→ **TASK PROMPT**
Please restate each entry exactly, without skipping any.

==== AVAILABLE DATA ====

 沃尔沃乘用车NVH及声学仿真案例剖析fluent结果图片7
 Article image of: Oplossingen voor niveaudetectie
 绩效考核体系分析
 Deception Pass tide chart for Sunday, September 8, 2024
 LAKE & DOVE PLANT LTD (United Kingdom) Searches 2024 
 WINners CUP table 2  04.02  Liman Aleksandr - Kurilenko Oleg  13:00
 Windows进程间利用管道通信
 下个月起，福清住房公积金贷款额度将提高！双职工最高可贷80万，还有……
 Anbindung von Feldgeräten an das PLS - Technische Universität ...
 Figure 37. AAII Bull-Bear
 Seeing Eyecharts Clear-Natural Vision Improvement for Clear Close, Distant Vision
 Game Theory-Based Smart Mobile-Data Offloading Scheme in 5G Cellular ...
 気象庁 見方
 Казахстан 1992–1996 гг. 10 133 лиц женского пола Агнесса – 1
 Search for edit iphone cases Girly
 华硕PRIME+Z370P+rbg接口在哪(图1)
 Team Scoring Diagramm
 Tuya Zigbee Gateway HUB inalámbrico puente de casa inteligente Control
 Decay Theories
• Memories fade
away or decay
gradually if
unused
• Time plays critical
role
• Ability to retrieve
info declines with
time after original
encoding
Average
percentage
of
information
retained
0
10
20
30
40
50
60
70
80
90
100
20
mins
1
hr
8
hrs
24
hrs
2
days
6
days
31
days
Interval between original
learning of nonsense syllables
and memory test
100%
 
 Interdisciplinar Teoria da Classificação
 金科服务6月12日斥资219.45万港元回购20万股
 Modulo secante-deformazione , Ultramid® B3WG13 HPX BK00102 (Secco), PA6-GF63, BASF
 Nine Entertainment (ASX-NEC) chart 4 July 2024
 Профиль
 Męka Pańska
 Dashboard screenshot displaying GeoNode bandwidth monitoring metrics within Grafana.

====

→ **PROBLEM SOLUTION**
 沃尔沃乘用车NVH及声学仿真案例剖析fluent结果图片7
 Article image of: Oplossingen voor niveaudetectie
 绩效考核体系分析
 Deception Pass tide chart for Sunday, September 8, 2024
 LAKE & DOVE PLANT LTD (United Kingdom) Searches 2024 
 WINners CUP table 2  04.02  Liman Aleksandr - Kurilenko Oleg  13:00
 Windows进程间利用管道通信
 下个月起，福清住房公积金贷款额度将提高！双职工最高可贷80万，还有……
 Anbindung von Feldgeräten an das PLS - Technische Universität ...
 Figure 37. AAII Bull-Bear
 Seeing Eyecharts Clear-Natural Vision Improvement for Clear Close, Distant Vision
 Game Theory-Based Smart Mobile-Data Offloading Scheme in 5G Cellular ...
 気象庁 見方
 Казахстан 1992–1996 гг. 10 133 лиц женского пола Агнесса – 1
 Search for edit iphone cases Girly
 华硕PRIME+Z370P+rbg接口在哪(图1)
 Team Scoring Diagramm
 Tuya Zigbee Gateway HUB inalámbrico puente de casa inteligente Control
 Decay Theories
• Memories fade
away or decay
gradually if
unused
• Time plays critical
role
• Ability to retrieve
info declines with
time after original
encoding
Average
percentage
of
information
retained
0
10
20
30
40
50
60
70
80
90
100
20
mins
1
hr
8
hrs
24
hrs
2
days
6
days
31
days
Interval between original
learning of nonsense syllables
and memory test
100%
 
 Interdisciplinar Teoria da Classificação
 金科服务6月12日斥资219.45万港元回购20万股
 Modulo secante-deformazione , Ultramid® B3WG13 HPX BK00102 (Secco), PA6-GF63, BASF
 Nine Entertainment (ASX-NEC) chart 4 July 2024
 Профиль
 Męka Pańska
 Dashboard screenshot displaying GeoNode bandwidth monitoring metrics within Grafana.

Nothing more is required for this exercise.